Al menos perplejidad le producirá al más indolente la clausura de centros contra la violencia a la mujer por “falta de casos”, como si fuesen departamentos comerciales de un retail o la reducción de las horas en las asignaturas de historia y educación cívica, menguando la capacidad crítica de millones de niños y jóvenes chilenos. Algo extraño experimentará hasta el más distraído cuando se entere de que Cencosud lucró descontando impuestos por mercaderías que donó tras el terremoto de Chile, para luego cobrar por ellas. Alguna incomodidad generará que la compra de materiales para la reconstrucción haya sido adjudicada por el gobierno derechista –entre cuatro paredes- a tres empresas líderes del rubro, las que incluso subieron el precio de algunos productos. Un poco de vertigo o confusión sentirá aquel que vea como Piñera pretende privatizar el agua de todos los chilenos, proceso que comenzaron Frei y Lagos. Sí, Ricardo-Lagos-Escobar: el mismo que apuntó con el dedo en televisión al dictador chileno. El listado es largo y abrumador, a pesar de que aún no completa un año este negociado a destajo que se llama “nueva forma de gobernar”.

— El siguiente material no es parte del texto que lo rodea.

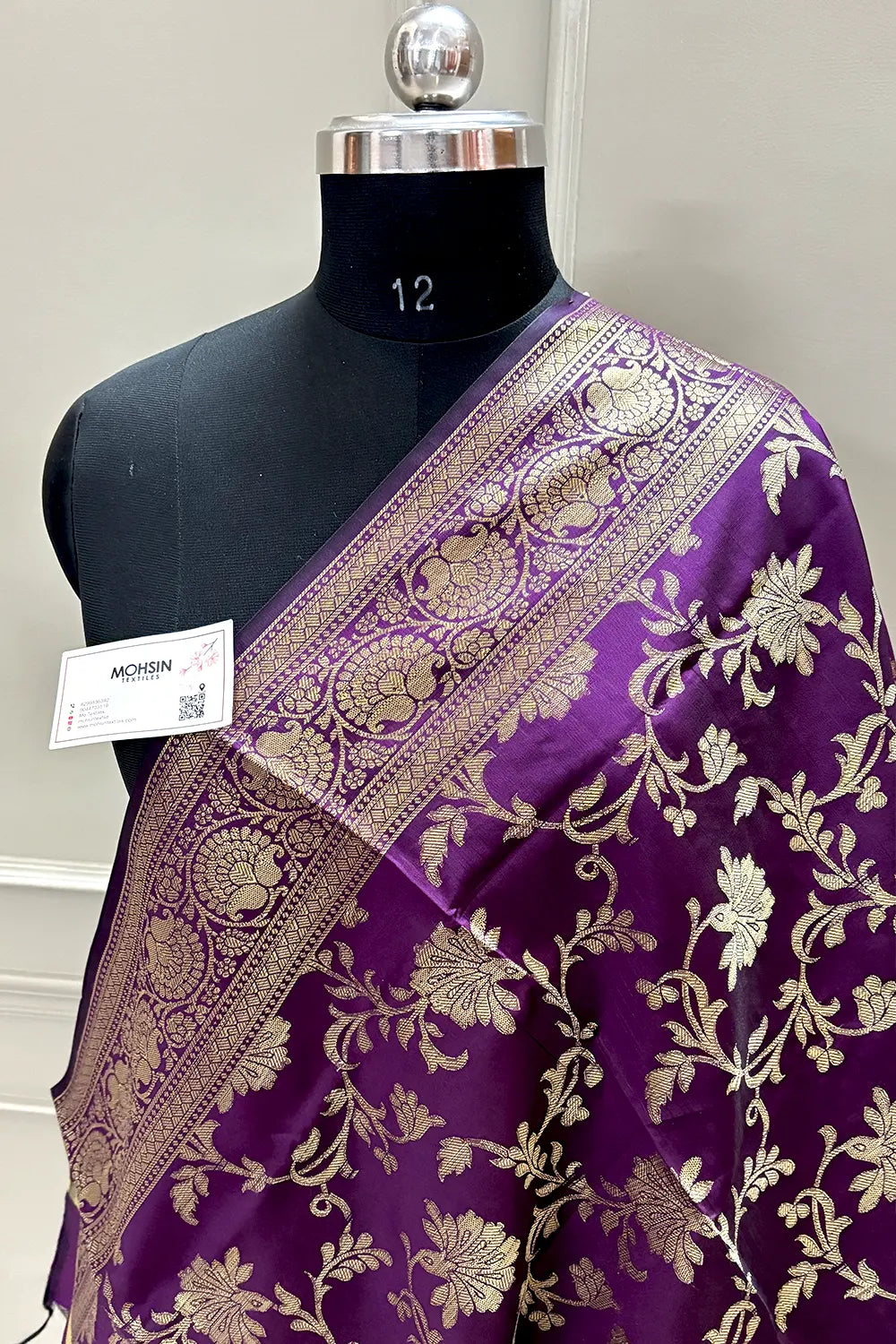 Purple Golden Zari Satin Silk Banarasi Dupatta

El problema para Piñera y para los grupos económicos que exudan festivos su flamante alternancia en el poder (y también para algunos neoliberales en lo económico con discurso de izquierda), es que el pueblo chileno está comenzando a hacerse –ahora con más frecuencia- preguntas de mayor profundidad. La subordinación del pueblo chileno ante el actual desmantelamiento del reducido bien público que disponíamos a pesar de más de treinta años de fiesta neoliberal, la sumisión de ese mismo pueblo que puso el 17 de enero de 2010 a la plutocracia en el poder, constituye un capítulo sociopolítico de la historia chilena que en algún momento debiese concluir.

Muchos se están cuestionando cómo, por las legítimas razones que hayan esgrimido, pudieron deslumbrarse con la mediocre poesía del multimillonario. Otros nos preguntamos cómo pudimos pasar por alto que el proyecto concertacionista no tenía, ni por si acaso, interés en transformar –por la vía política- este modelo de desarrollo económico inhumano y despiadado, como también que más tarde iba a defender con uñas y dientes el regreso de Pinochet a Chile, tras su detención en Londres. Como si la elite política a diestra y siniestra se hubiese puesto de acuerdo, después de las sesiones televisadas, en ocultar el hedor genocida que emanaba el dictador y en felicitarse de sus asépticas reformas con sabor a caviar.  Si no se trata de una suerte de sumisión voluntaria y consciente (cosa que daría escalofríos) que raya en el nihilismo político o en una vocación cuasi religiosa de corte inquilino, la visión de una masa ovina complaciente sería sólo una mala quimera de un empresario apoltronado en La Moneda, embriagado de feudalismo decimonónico.

Y esto, debería dejar lecciones éticas y políticas para todos. Con la compleja emoción de la impotencia no se juega. Nunca.